Post by Figgles on Nov 20, 2024 6:04:46 GMT
Man's mind may be likened to a garden, which may be intelligently cultivated or allowed to run wild; but whether cultivated or neglected, it must, and will, bring forth. If no useful seeds are put into it, then an abundance of useless weed-seeds will fall therein, and will continue to produce their kind.
[...]
Good thoughts and actions can never produce bad results; bad thoughts and actions can never produce good results. This is but saying that nothing can come from corn but corn, nothing from nettles but nettles. Men understand this law in the natural world, and work with it; but few understand it in the mental and moral world (though its operation there is just as simple and undeviating), and they, therefore, do not co-operate with it.
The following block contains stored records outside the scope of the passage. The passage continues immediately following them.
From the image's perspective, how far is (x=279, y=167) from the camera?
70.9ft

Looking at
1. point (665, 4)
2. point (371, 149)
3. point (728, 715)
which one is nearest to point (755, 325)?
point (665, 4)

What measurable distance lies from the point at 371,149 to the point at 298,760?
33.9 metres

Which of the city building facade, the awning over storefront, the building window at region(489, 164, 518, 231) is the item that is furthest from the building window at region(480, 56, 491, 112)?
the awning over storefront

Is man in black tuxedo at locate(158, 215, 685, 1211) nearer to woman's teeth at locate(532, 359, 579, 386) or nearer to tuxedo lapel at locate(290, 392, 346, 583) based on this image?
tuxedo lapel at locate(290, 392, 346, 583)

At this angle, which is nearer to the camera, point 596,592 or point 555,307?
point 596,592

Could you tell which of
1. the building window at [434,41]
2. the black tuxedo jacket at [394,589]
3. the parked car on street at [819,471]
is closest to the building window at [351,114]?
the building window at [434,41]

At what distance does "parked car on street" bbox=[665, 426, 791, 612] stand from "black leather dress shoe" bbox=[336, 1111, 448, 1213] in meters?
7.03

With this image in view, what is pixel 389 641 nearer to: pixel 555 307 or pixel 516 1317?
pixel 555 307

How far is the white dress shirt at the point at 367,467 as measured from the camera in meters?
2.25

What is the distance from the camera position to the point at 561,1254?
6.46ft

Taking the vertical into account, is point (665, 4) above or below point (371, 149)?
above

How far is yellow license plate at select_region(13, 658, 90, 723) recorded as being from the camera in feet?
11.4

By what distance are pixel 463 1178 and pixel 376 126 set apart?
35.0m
James Allen, As A Man Thinketh
Reefs:
This basically explains the sickly guru paradox.
This basically explains the sickly guru paradox.
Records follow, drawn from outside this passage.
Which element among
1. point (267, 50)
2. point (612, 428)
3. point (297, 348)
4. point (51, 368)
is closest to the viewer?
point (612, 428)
It's only a paradox if you've bought into the idea that mind's judgments about what constitutes a "good thought/action" vs. a "bad thought/action," and what constitutes a "bad result" vs. a "good result," are inviolable....Truth.
I'd suggest spending some time inquiring into specifically those mind-based judgments. Absent SR, it's important to challenge those.....to question values.....to question attachments to judgments and the black/white labelling of good vs. bad....right vs. wrong....moral vs. immoral, etc.
Those judgmental attachments have no place in freedom/SR.
From the vantage point of an SVP, a body that is paralyzed, for example, and requires a wheelchair to get around, evokes deep/harsh judgments...condemnation....extreme mental and emotional resistance, a sense of intolerability towards such a condition, but that depth of judgment is simply no longer in play in the absence of an SVP.
What that means is that post SR, there is no longer any 'paradox' regarding a guru with a so called "imperfect" bodily condition. The entire measuring stick by which judgments are now made, has shifted dramatically.
Conditions that were previously deemed to be condemnable, intolerable, are now accepted...allowed, even embraced. It's impossible to truly grasp that from the position of seeing through the eyes of an SVP though.